Building the pipeline of female leaders in energy

Introduction

It’s a turbulent time in the UK energy industry. The dramatic fall in oil prices, the reduction in subsidies for renewables and uncertainty surrounding the UK’s nuclear projects have all played a part.

However, one thing has stayed the same; the very low proportion of women in senior positions in UK energy companies.

The latest analysis shows that despite widespread recognition of the benefits of gender equality, there has been a marked lack of progress in the number of females in senior energy positions over the last 12 months. However everyone we have spoken to acknowledges that things can and need to change.

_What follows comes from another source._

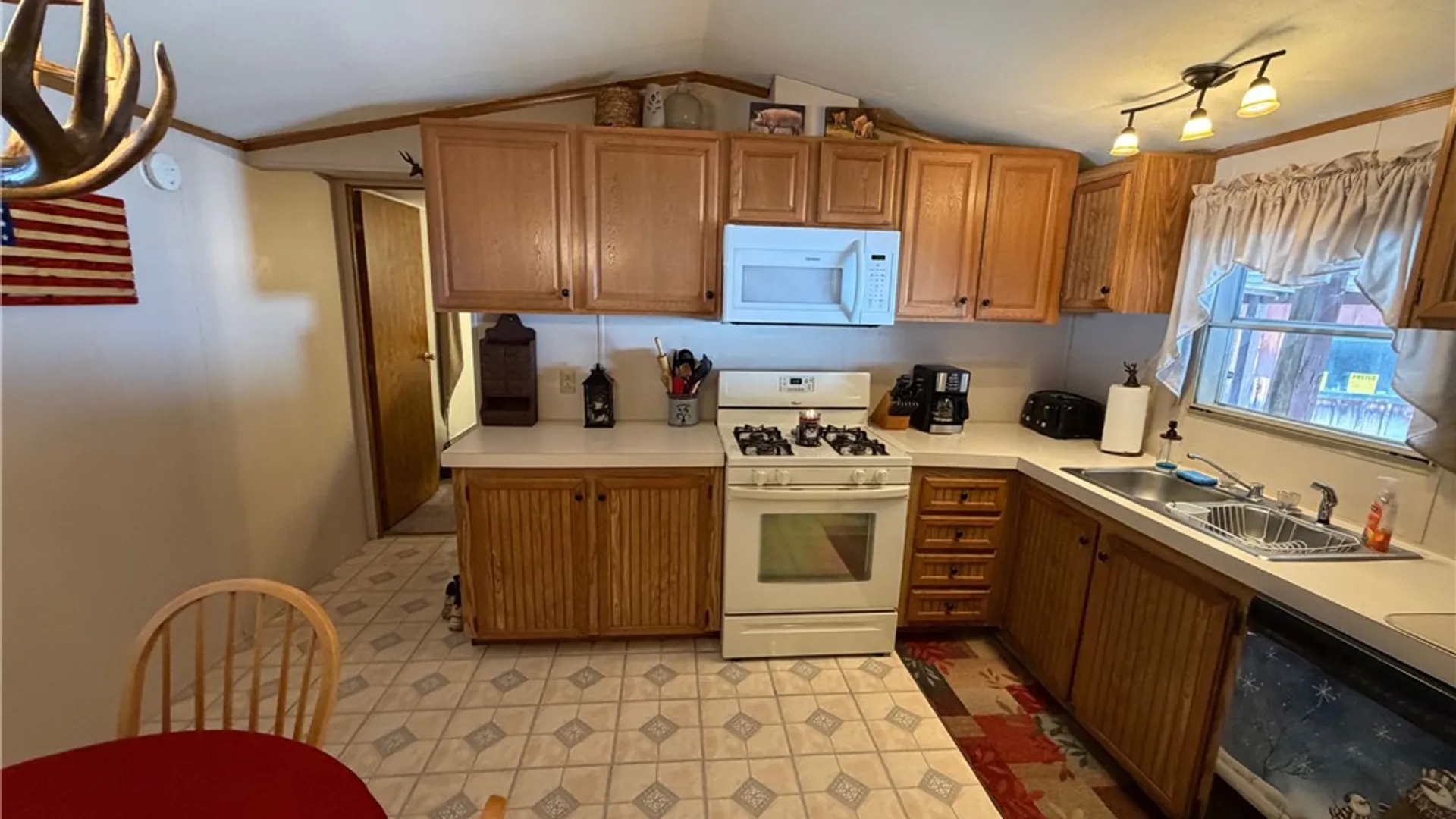 Property at 2213 Brown Hollow Road, Corning, NY 14830 10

“When we launched our Igniting Change report last year there was widespread shock at the low numbers recorded and recognition of the strong focus needed to drive change across organisations, from developing a sustainable pipeline of young women recruits to strong female leaders."

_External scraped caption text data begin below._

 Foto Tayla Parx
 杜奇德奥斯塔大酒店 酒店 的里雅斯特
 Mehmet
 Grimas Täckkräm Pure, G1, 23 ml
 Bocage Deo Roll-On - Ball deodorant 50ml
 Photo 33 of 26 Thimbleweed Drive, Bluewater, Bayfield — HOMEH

Laura Manson-SmithPwC energy partner

Key findings

So what is different about the energy sector and why is it so difficult to change it? Part of the answer comes down to the sector’s history - heavy-engineering has traditionally been male-dominated. But in 2016, how valid a reason is that? And are companies, their leaders and their HR functions doing enough to counterbalance this? Building on last year’s research, we have examined what each group can do to make this happen.

Responsibilities of CEO’s

  • Lead by example
  • Set and communicate targets
  • Build a solid pipeline
“It’s no longer about policies, it’s now about attitudes. Don’t tell me that if a CEO and Chair want something to happen badly enough, it won’t happen, because I believe it will. So we have to ask, why isn’t it happening?”

Adriènne Kelbie, CEO of the Office for Nuclear Regulation

What HR can do to drive diversity

  • Demand diverse shortlists
  • Report on gender diversity
  • Align talent management processes
“We really want all our initiatives to be owned by the business. Diversity isn’t an “HR thing”. It’s a business thing.”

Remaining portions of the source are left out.